Not great, let's search for the best parameters using grid search.

In [None]:
# Grid search

# "C" controls the cost of misclassification on the training data. 
# A large C-value gives you low bias and high variance. Low bias causes you penalize the cost of misclassification a lot.

# Small "gamma" means a Gaussian of a large variance. Large gamma leads to high bias and low variance in the model. 

param_grid = {
    'C': [0.1, 1, 10, 100, 1000],
    'gamma': [1, 0.1, 0.01, 0.001, 0.0001]
}

gs = GridSearchCV(SVC(), param_grid, verbose=3)
gs.fit(X_train, y_train)

In [None]:
print(gs.best_params_)

Let's train the algorithm again, using the information from the grid search.

In [None]:
# Training the tuned algorithm

svm_tuned = SVC(C = 10, gamma = 0.1)
svm_tuned.fit(X_train, y_train)
y_pred = svm_tuned.predict(X_test)

In [None]:
# Evaluating the algorithm

print (confusion_matrix(y_test, y_pred))
print (classification_report(y_test, y_pred))
print ('Accuracy Score: ' + str(accuracy_score(y_test, y_pred)))

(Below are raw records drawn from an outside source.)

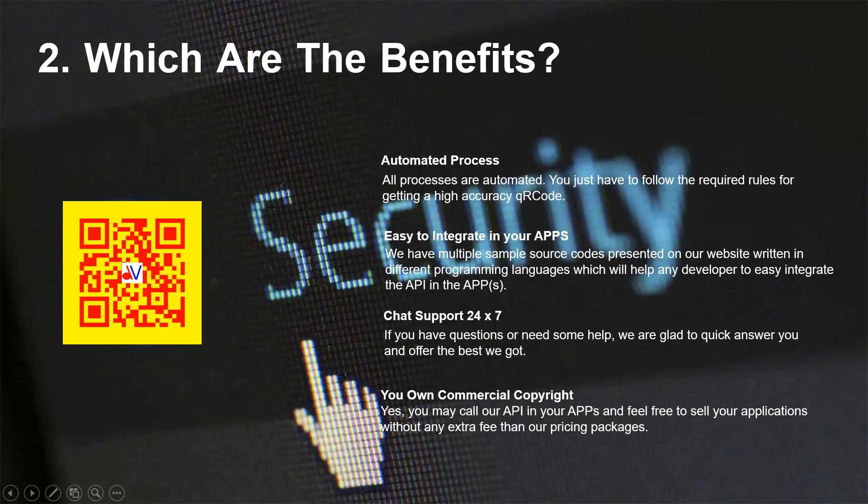Which are the benefits? Automated Process — all processes are automated. You just have to follow the required rules for getting a high-accuracy QR code. Easy to integrate in your apps — we have multiple sample source codes presented on our website written in different programming languages, which will help any developer to easily integrate the API in their apps.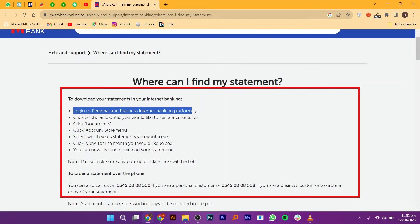Depending on whether you are a personal customer or a business customer, you can also order a statement over the phone. And you are all done.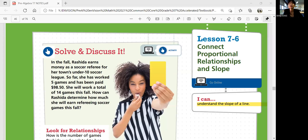Hi everyone, this is Pre-Algebra Lesson 7-6, Connect Proportional Relationships and Slope. In this lesson, we'll be able to understand the slope of a line. Let's start with solve and discuss it.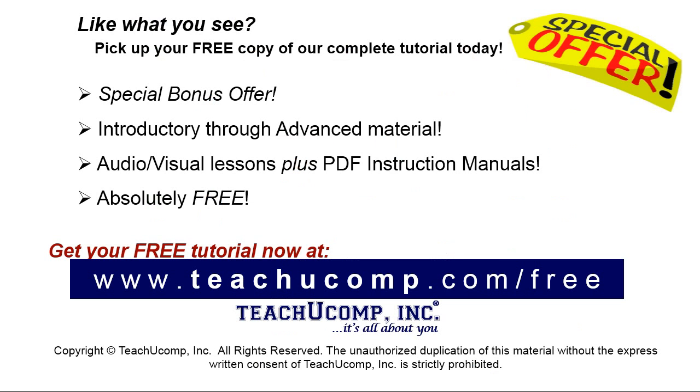Like what you see? Pick up your free copy of the complete tutorial at www.teachucomp.com forward slash free.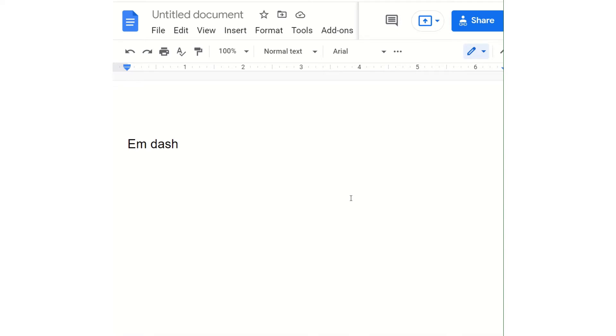When using Google Documents, if you want to insert a dash, you use an EM-dash. I'll show you how to find it in Google Documents and how to make a shortcut.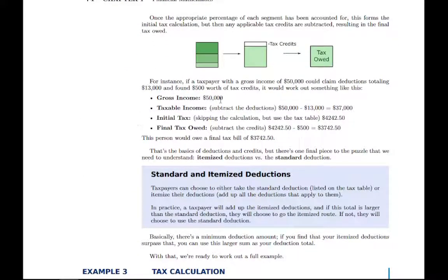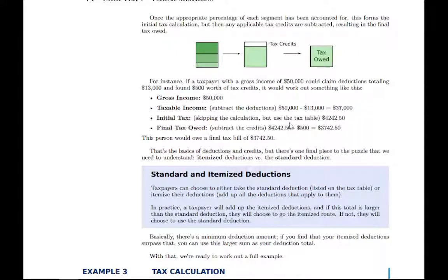Here's a quick example. If somebody earned $50,000 and had $13,000 in deductions and $500 in tax credits, you start with their gross income, subtract the deductions to get taxable income, then calculate the tax using the tax table the same way as before, and then at the very end subtract the tax credit. That last step is easy to forget — a lot of homework questions have tax credits and it's easy to miss subtracting the credit at the end, so watch out for that.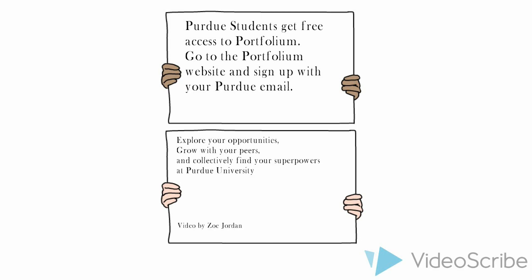Portfolium is another amazing way to display your desirable characteristics to employers and companies that you are interested in and would be a great fit for.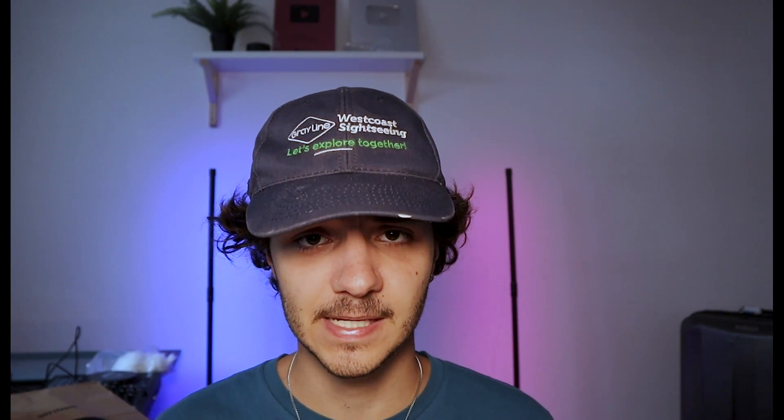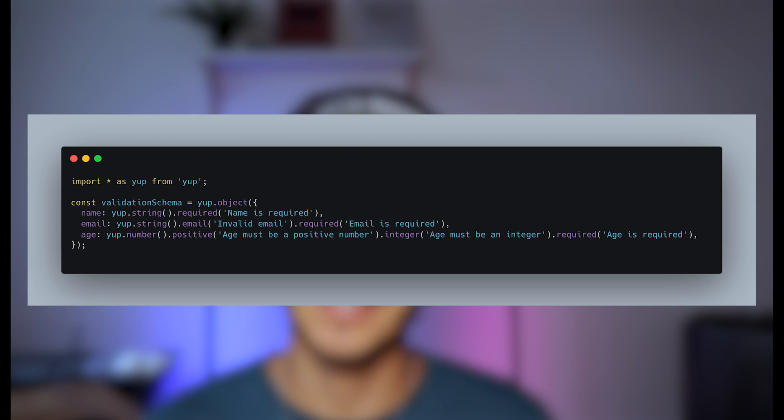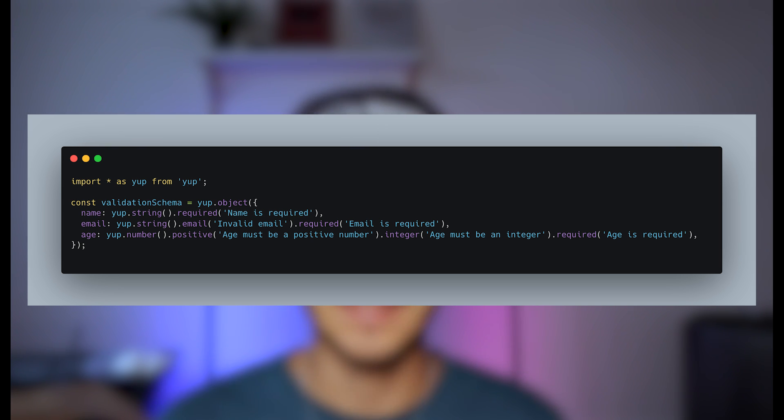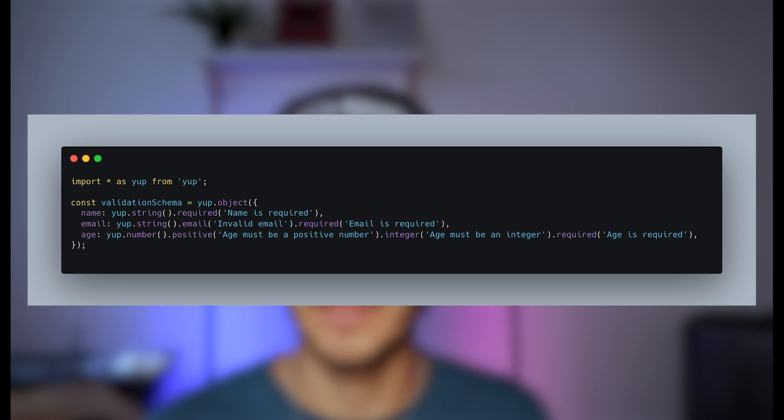The second front end topic is input sanitization and validation. When you have inputs on your website — for example, when registering a user with fields for age, name, email, and password — you need to make sure what the user puts in those inputs is the correct data and data type required. So when someone submits data to an API from a form, they should send numbers for the age field instead of letters. A common example is validating whether an email is valid or not and providing user feedback accordingly.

Slightly better than previously, but the model still has poor predictive ability.

## **Conclusion**

Neither KNN, Random Forest nor the SVM algorithm are very useful in terms of predicting the gender of the customer based on the features Age, Income and Score. This indicates that the data does not have prediction capability. This doesn't come as a huge surprise, as we could already see in the EDA that there was little that suggested any major differences between the two genders when it came to these variables. However, the sample used is very small (n=200), and having more data might have given us higher accuracy scores.

A high error rate indicates that the model is underfitting and has high bias. The model is not sufficiently complex, so it's simply not capable of representing the relationship between y and the input features. To combat this we could try increasing the number of input features.